秦氏被眾人的眼神嚇得連連後退,無奈身上穿戴太過繁重,還沒挪開兩步,花廳內的眾人已經把她團團圍住。

「你們這是要乾什麼?」秦氏大驚失色。

不過她預想中可怕的情形並沒有發生,一眾婦人把她圍住之後,也不知道是誰帶的頭,烏泱泱地全給她跪下了。

「老夫人可憐可憐我們吧!」

「魯國公府財大氣粗,還請老夫人救救我們!」

從前為何窮苦的傷兵都隻找英國公府求接濟,是她們的家人全部都在武青意或者武重手下效命?那自然不是,隻是從前武青意惡鬼將軍的名頭更響。

名頭響亮是把雙刃劍,百姓更畏懼敬重他,但若是出了什麼事兒,第一個想到的也是他。

現在不同了,魯國公府在京中炙手可熱,再加上馮源成名比武青意早,退下去的傷兵自然也是知道他的。

這倒是更好了——這些人本是就更畏懼武青意這惡鬼將軍的,如今有一家比他家還財大氣粗、也是在軍中的頭馬人物,而且沒那麼嚇人的,不是更便宜行事?

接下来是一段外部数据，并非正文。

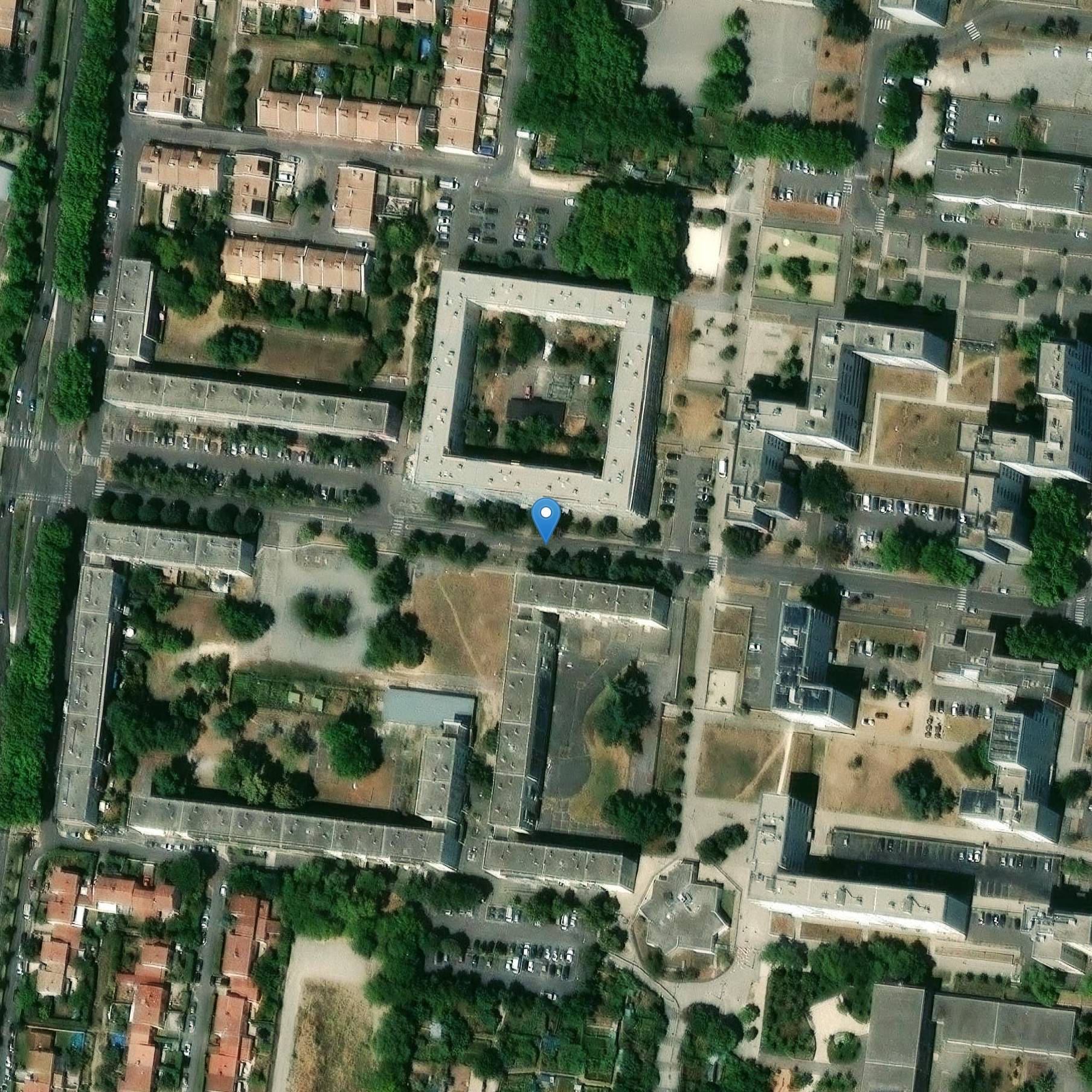 Photo de Chiesa di San Francesco d'Assisi di Valencia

來的這些婦人自然就是傷兵的家人,至於為什麼她們一起來的,說來也是「巧合」。

她們大多不是京城人士,從外頭趕過來的,到了京城找了最便宜的客棧投宿,那小二給他們出的主意,說高門大戶難得見一次百姓,人多一些,也好有個依仗。

她們本有些畏懼的,有人幫著出了主意,人多勢眾狀了膽,自然也就有了底氣。

秦氏被七嘴八舌的哭訴聲吵得一個頭兩個大,她擺手道:「都起來起來,好端端的跪我做什麼?」

婦人們自然不動,隻是各自哭訴自己家中的艱辛。

秦氏也不是傻子,聽到這裡還有什麼不明白的?

都是來求救濟,說難聽點就是打秋風的!

「你們尋到我們府上作甚?」秦氏嗬斥道,「不該去尋英國公府嗎?」

英國公府救濟傷兵的事兒不是秘密,京城不少人家都知道。

私下裡秦氏沒笑話他家傻,卻沒想到怎麼這些人求到自家來了!

「老夫人這話說的,現在誰不知道您家才是京城第一勛貴人家?」

「是啊,聽說老夫人連幾千兩銀子都看做不值一提的小錢。」

「民婦從前對外頭的傳聞是不怎麼相信的,今日一見,才知道您家是這般富貴。」

眾人越說越激動,眼珠子都跟黏在秦氏——身上的金銀珠寶一般。

「我們家……我們家……」秦氏嘴唇翕動,想說自家沒錢。

可這話說出去不止旁人不信,連秦氏自己都不相信。而且這話一說,不是等於自己打自己的臉了?

秦氏閉了閉眼,索性準備來個裝暈。

正在這個時候,一道輕柔的女聲在廳內響起——

「諸位夫人,聽我一言,大家各自寬坐坐,有話慢慢說可好?」

她說話的聲音並不大,但自帶一股安定人心的氣勢。

眾人安靜下來,秦氏循聲望去,看到了站在花廳門口的陳氏。

「你來做什麼?」自覺失了顏麵的秦氏越發沒好氣。

陳氏不以為意地柔柔一笑,上前攙住秦氏一條胳膊,解釋道:「聽聞來了好些客人,兒媳怕婆母招待不過來,所以特地來幫忙。」

秦氏哂笑,正要說我都處理不來的事情,你還能做好?

顧忌到好些個外人在,她總算把話咽回了肚子裡,給陳氏留了些臉麵。

後頭陳氏扶著秦氏在主位上坐下,然後讓一眾婦人依次上前來說話。

有了人組織後,花廳內總算是恢復了一些秩序,沒有再出現之前幾十人一起開口的嘈雜情況。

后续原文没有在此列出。